Türkiye’de 72 şehirden toplanan vergi gelirini sadece Kocaeli sağlıyor.
Geçen yıl Kocaeli’de kişi başı ortalama vergi tutarı kişi başı 31 bin liraydı.
Kentimizdeki vergi gelirlerinin büyük bölümü ise Gebze’den karşılanıyor. Organize
sanayi bölgeleri, binlerce büyük fabrika, Gebze Ticaret Odası’na kayıtlı 17 bin
şirket/işyeri.
Gündüz nüfusu 1 milyon 500 bin, gerçek nüfusu 700 bin civarında devasa bir
sanayi şehri Gebze.
Bir yönüyle, sanayisiyle ve üretimdeki gücüyle tüm ülkeyi ekonomik açıdan
ayakta tutan dev bir güç.
Bir yönüyle de İzmit ve İstanbul lobisi için altın yumurtlayan tavuk.
Gebze’deki birçok büyük fabrikanın merkezi İstanbul’da olduğu için vergi gelirleri
oraya yatıyor. İstanbul bu yüzden Gebze’nin il olmasını asla istemez.
Gebze, Kocaeli Büyükşehir Belediyesi için çok büyük bir nimet. Bu yüzden
Gebze’nin il olmasını İzmit de istemez.
Gebze’nin en büyük eksiği, siyasi bir gücü olmaması.
Kent bilincini sağlayarak, güçlü bir şehir lobisi oluşturamaması.

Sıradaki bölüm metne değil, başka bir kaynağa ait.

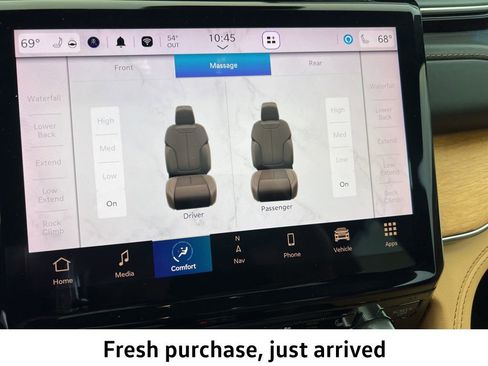 Used 2022 Jeep Grand Cherokee Summit image 20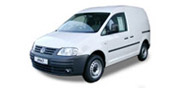 VW CADDY III Фургон (2KA, 2KH, 2CA, 2CH) VW CADDY III Фургон (2KA, 2KH, 2CA, 2CH)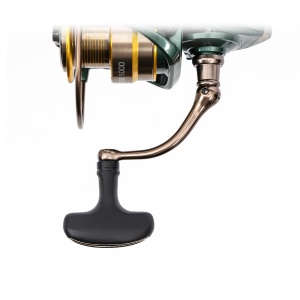 Mulineta Spinning Wizard Edge 4000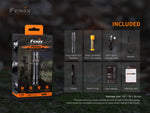 Fenix PD35 V3.0 Everyday Carry Flashlight | 1700 Lumens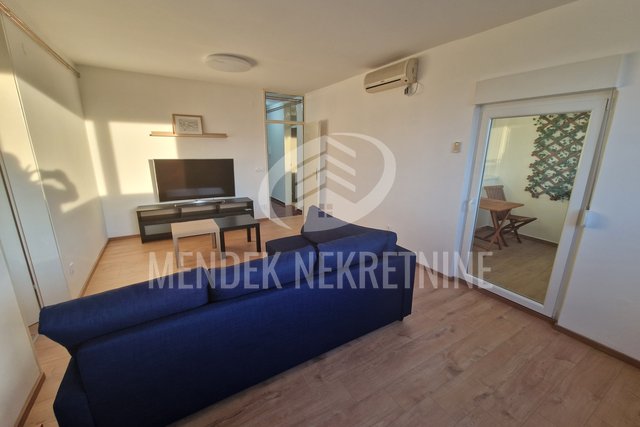 Apartment, 75 m2, For Rent, Varaždin - Banfica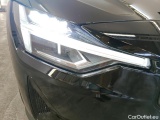  Polestar  2 Polestar  64kWh Single Motor Standard Range 5d #26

Gazetecisi, siyasetçisi, bürokratı, sivil toplum kuruluşu temsilcisi, vatandaşı…
Hepsi bu eksikliğin bir parçasıdır.
İzmit lobisi Gebze ile ilgili ne karar alıyorsa masamıza bırakıyor! Her alanda bu
böyle ne yazık ki. Siyasette de böyle, bürokraside de böyle, Gebze adına her ne
yapılacaksa verilen tüm kararlarda böyle.
Milletvekili aday listesi hazırlanacaksa İzmit merkezde hazırlanıyor. Ankara’da
hazırlandığında da İzmit’tekilere soruluyor. Gebzeliler de kuzu kuzu kabul
ediyorlar, ses çıkarma kültürü yerleşmemiş!
Parti ayırımı yapmıyorum, hepsi için geçerli.
24 Haziran seçimleri için hazırlanan milletvekili aday listesine bakarsanız ne
demek istediğimi anlarsınız.
Neyse, bugünkü konumuz siyaset değil.
Gebze askeri kışlasının 630 bin metrekarelik arazisinin akibeti ile ilgili. Askeri
kışla taşınınca şehrin tam merkezinde boş durumda kalan bu arazi TOKİ’nin
iştahını kabarttığında Gebze basını yıllar önce bağırmaya başlamıştı. Ancak
dönemin belediye başkanı, milletvekili ve Bakanları bu bağırışın gereksiz bir
yaygara olduğunu belirtmiş, “içiniz rahat olsun, bu arazi TOKİ’ye verilmeyecek”
denilmişti.
Yıllar önceki gazete arşivlerini açın bakın!
Sonra ne oldu?
Paşa paşa verdiler. Tepkilerden korktuklarından değil ama siyaseten güzel de bir
kılıf buldular. “Arazinin hepsini vermiyoruz” dediler.
Dün Gebze Ticaret Odası meclis toplantısında bu konu çok detaylı masaya
yatırıldı. Başkan Nail Çiler’i kutluyorum. Gebze’de şu anda basının dışında bu
konuya sahip çıkan ve ses çıkaran neredeyse tek kişi.
Arazinin 1/5000’lik planında yeşil alan, depo ve TOKİ alanı olan kısımları
gösterdi. Bu arazinin TOKİ’den kurtarılması ve halka yönelik bir proje yapılması
gerektiğini vurguladı.
Nail Çiler özetle, ‘Bu proje yanlış, hep beraber düzeltelim’ diyor. Basın, sivil
toplum kuruluşları, siyasi partilerin temsilcileri ve vatandaşlar da artık kendi
şehirlerindeki olumsuzlukları görmeye, yanlışlıklara ses çıkarmaya ve tepki
vermeye başlamalıdır.
Aksi halde seçeceğimiz insanları da masamıza bırakırlar, Gebze ile ilgili yapılacak
olan tüm projelerin plan haritalarını da…
Sorunlarına sahip çıkan ve yanlışlıklara dur diyen şehrin bir sonraki adımı ise,
büyük şehirli bir il statüsüne geçmektir.